PROPRIEDADE INDUSTRIAL. Marca. Titularidade. Transferência.

 A falta de registro da transferência não impede que o cessionário defenda seu direito ao uso exclusivo.

(…)

O cessionário é o novo titular e não se o pode privar do exercício dos direitos daí decorrentes. Despropositado seria conservar o cedente a titularidade para isso. A eficácia em relação a terceiros refere-se a hipóteses diversas como, por exemplo, uma nova cessão, para outra pessoa, antes de anotada a transferência.

 (Recurso Especial n°. 36.102-8/RJ. Terceira Turma do STJ. Rel. Min. Eduardo Ribeiro. Julgado em 28.02.1998)

Mutatis mutandis, é também notório que essa mesma argumentação tem sido empregada para o caso de penhora de veículo automotor (um bem móvel, tal e qual o são as marcas registradas) alienado de boa-fé antes de penhora em execução do alienante, mas cuja titularidade ainda não fora alterada no Departamento de Trânsito. Confira-se:

Embargos de terceiro – Pretensão de desconstituição de penhora/bloqueio tirada sobre automóvel – Ausência de anotação junto ao registro público – Presunção de boa-fé do adquirente – Documento confirmando a aquisição do bem antes da data da penhora – Não caracterização da fraude à execução – Sentença de improcedência dos embargos – Reforma – Recurso provido.

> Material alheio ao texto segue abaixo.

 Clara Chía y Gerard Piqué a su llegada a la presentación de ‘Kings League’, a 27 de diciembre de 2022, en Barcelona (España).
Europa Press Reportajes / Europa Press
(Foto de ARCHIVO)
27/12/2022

 (Apelação nº. 9094378-14.2008.8.26.0000. 1ª Câmara Extraordinária de Direito Privado do TJ SP. Julgado em 10.12.2013. Rel. Des. Marcia Dalla Déa Barone)

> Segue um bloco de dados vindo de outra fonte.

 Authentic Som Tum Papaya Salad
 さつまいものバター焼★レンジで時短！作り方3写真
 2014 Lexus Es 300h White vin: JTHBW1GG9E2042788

 Embargos de Terceiro – Sentença que julgou improcedentes os embargos – Alienação de automóvel pelo devedor em momento anterior ao bloqueio do bem no registro competente – Reconhecimento de fraude à execução que exige prova de má-fé do terceiro adquirente – Presunção de boa fé não afastada – Fraude à execução não configurada – Precedentes – Aplicação da súmula 375 do Superior Tribunal de Justiça – Bloqueio que deve ser afastado – Sentença reformada – Recurso provido.

(Apelação nº. 0004715-13.2012.8.26.0084. 5ª Câmara de Direito Privado do TJ SP. Julgado em 27.11.2013. Rel. Des. Moreira Viegas)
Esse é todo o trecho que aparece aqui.